はい、可能です。人件費の適正化とは、必ずしも「人を減らす」「給与を下げる」ことではありません。労働生産性を向上させ、一人ひとりがより高い付加価値を生み出せる体制を構築することが本質です。人手不足の状況では、むしろ生産性向上の必要性が高まります。

人手不足の企業で有効な適正化アプローチ
  • IT・デジタル技術の活用: 定型的な事務作業などを自動化し、従業員が付加価値の高いコア業務に集中できる環境を作る。
  • ノンコア業務のアウトソーシング: 専門外の業務を外部に委託することで、社内リソースを主要業務に集中的に投下する。
  • 多能工化と教育訓練: 一人の従業員が複数の業務をこなせるように育成し、業務の繁閑に柔軟に対応できる組織を作る。

従業員の理解を得るための伝え方はありますか?

従業員の理解と協力を得るためには、誠実さ、透明性、そして将来への希望を示すコミュニケーションが鍵となります。一方的な通告ではなく、対話を通じて納得感を醸成することが重要です。

従業員の理解を得るための伝え方のポイント
  • 客観的な事実の共有: 財務データなどを示し、なぜ改革が必要なのかを客観的かつ具体的に説明する。
  • 前向きなビジョンの提示: 「コスト削減」という守りの姿勢だけでなく、「改革で生まれた利益で将来は必ず報いる」という未来志向のメッセージを伝える。
  • 経営陣の率先垂範: 経営トップが役員報酬カットなどの痛みを率先して引き受ける姿勢を見せ、覚悟を示す。
  • 双方向のコミュニケーション: 説明会や面談の場を設け、従業員の質問や不安に真摯に耳を傾け、丁寧に回答する。
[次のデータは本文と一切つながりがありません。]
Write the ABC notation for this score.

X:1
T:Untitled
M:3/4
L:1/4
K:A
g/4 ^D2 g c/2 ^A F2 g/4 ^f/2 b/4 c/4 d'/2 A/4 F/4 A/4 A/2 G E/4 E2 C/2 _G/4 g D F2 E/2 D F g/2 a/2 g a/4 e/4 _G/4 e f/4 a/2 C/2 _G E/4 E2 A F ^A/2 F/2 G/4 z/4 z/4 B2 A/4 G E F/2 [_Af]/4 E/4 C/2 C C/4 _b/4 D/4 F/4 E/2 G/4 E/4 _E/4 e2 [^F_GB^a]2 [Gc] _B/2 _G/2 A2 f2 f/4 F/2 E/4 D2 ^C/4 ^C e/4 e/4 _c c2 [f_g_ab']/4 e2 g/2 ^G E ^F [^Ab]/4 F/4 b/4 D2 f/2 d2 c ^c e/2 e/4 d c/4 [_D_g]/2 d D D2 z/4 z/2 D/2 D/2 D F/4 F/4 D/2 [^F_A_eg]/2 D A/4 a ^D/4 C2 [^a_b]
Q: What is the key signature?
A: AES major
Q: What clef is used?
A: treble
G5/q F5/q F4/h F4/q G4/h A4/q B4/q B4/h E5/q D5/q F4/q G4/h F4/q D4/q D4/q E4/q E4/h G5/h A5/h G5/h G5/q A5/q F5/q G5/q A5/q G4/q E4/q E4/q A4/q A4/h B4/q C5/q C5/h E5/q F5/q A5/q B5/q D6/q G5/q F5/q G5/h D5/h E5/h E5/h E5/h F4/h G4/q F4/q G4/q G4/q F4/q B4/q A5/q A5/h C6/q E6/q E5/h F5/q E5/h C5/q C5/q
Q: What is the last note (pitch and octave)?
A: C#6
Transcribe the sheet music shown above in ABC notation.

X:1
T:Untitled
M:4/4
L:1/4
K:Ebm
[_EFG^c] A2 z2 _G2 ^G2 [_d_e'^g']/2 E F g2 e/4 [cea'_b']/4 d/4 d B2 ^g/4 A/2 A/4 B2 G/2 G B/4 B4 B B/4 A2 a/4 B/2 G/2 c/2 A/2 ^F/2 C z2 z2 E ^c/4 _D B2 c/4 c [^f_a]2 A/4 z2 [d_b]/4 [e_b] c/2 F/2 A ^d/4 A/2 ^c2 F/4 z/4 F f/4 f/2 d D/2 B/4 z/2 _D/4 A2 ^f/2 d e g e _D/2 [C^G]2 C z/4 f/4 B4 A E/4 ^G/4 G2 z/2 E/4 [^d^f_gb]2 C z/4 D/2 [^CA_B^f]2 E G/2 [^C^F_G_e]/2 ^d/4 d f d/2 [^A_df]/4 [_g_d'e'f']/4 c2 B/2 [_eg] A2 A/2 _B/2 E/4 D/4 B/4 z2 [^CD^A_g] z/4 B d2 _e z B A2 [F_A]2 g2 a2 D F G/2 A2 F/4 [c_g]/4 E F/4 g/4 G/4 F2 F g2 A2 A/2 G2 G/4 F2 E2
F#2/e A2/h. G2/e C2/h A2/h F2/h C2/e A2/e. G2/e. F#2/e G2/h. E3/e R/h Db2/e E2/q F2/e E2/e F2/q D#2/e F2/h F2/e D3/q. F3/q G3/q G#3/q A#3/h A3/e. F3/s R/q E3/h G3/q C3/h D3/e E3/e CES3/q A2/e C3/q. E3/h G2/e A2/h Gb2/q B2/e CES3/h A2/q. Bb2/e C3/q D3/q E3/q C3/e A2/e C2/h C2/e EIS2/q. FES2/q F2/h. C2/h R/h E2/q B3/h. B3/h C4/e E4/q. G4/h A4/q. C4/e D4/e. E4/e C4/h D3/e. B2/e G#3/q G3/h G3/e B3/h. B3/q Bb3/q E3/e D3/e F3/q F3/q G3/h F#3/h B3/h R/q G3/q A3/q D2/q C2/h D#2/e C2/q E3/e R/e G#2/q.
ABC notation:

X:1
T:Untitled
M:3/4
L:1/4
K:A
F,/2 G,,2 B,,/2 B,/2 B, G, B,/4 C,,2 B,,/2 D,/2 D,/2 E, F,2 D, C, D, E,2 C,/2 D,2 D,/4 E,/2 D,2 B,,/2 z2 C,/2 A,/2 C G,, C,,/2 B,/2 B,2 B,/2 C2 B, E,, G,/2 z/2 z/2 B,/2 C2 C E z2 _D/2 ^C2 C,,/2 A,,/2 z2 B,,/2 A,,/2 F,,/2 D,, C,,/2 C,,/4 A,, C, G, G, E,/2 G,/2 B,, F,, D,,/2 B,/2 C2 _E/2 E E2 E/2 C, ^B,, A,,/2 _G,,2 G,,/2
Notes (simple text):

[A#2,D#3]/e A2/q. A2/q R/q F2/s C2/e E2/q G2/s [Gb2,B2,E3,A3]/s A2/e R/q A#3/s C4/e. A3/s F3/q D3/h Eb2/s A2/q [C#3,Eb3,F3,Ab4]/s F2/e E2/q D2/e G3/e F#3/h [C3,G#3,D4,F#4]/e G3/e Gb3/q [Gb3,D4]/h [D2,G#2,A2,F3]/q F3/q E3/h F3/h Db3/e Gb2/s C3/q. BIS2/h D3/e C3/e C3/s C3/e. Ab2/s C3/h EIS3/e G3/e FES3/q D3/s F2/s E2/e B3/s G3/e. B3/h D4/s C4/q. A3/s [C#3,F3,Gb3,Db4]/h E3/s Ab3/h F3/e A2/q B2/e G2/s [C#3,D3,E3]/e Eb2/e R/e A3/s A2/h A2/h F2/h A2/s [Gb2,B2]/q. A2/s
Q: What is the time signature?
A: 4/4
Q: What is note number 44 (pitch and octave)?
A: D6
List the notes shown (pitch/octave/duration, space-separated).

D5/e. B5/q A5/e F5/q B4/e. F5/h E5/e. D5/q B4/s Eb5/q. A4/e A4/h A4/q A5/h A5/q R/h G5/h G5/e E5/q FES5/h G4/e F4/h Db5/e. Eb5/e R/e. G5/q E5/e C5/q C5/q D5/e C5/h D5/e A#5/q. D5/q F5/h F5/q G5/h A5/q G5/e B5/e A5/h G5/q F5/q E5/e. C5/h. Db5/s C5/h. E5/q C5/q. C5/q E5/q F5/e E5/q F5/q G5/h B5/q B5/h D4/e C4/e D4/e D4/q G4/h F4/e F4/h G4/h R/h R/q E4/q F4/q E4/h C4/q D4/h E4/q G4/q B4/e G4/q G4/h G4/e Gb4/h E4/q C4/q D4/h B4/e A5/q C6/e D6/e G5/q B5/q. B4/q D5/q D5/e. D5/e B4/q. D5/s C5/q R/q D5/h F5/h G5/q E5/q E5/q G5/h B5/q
まとめ:リスクを管理し、企業の成長につなげる人件費削減

人件費削減を成功させるには、まず売上高人件費率などの客観的な指標で自社の現状を正確に把握することが第一歩です。一方的な給与カットや安易な整理解雇は、従業員のモチベーション低下や人材流出を招くだけでなく、法的なリスクも極めて高いため避けるべきです。むしろ、業務プロセスの見直しやIT化による生産性向上、ノンコア業務のアウトソーシングといった、組織の活力を損なわずにコストを適正化する方法を優先的に検討することが重要です。どのような施策を実行するにせよ、経営トップがその目的とビジョンを従業員へ丁寧に説明し、納得を得るプロセスが不可欠です。本記事で紹介した内容は一般的な進め方であり、個別の状況に応じた法的な判断や具体的な制度設計については、弁護士や社会保険労務士などの専門家へ相談しながら慎重に進めることをお勧めします。